▶ Task details
Reproduce exactly the lines from the one containing "Used 2024 Audi" through the last line of the data, both ends included.

##### Supplied material #####

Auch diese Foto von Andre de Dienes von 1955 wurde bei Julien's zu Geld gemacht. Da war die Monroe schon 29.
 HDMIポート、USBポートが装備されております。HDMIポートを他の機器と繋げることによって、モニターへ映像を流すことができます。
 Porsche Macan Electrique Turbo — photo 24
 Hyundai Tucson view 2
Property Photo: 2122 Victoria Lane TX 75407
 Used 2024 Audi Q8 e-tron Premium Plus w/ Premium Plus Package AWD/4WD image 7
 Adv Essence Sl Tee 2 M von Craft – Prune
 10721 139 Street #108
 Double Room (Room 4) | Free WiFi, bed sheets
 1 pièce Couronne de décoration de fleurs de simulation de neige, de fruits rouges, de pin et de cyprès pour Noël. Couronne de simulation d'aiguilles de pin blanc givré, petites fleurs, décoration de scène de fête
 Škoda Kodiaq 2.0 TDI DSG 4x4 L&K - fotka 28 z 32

#####

▶ Answer box
 Used 2024 Audi Q8 e-tron Premium Plus w/ Premium Plus Package AWD/4WD image 7
 Adv Essence Sl Tee 2 M von Craft – Prune
 10721 139 Street #108
 Double Room (Room 4) | Free WiFi, bed sheets
 1 pièce Couronne de décoration de fleurs de simulation de neige, de fruits rouges, de pin et de cyprès pour Noël. Couronne de simulation d'aiguilles de pin blanc givré, petites fleurs, décoration de scène de fête
 Škoda Kodiaq 2.0 TDI DSG 4x4 L&K - fotka 28 z 32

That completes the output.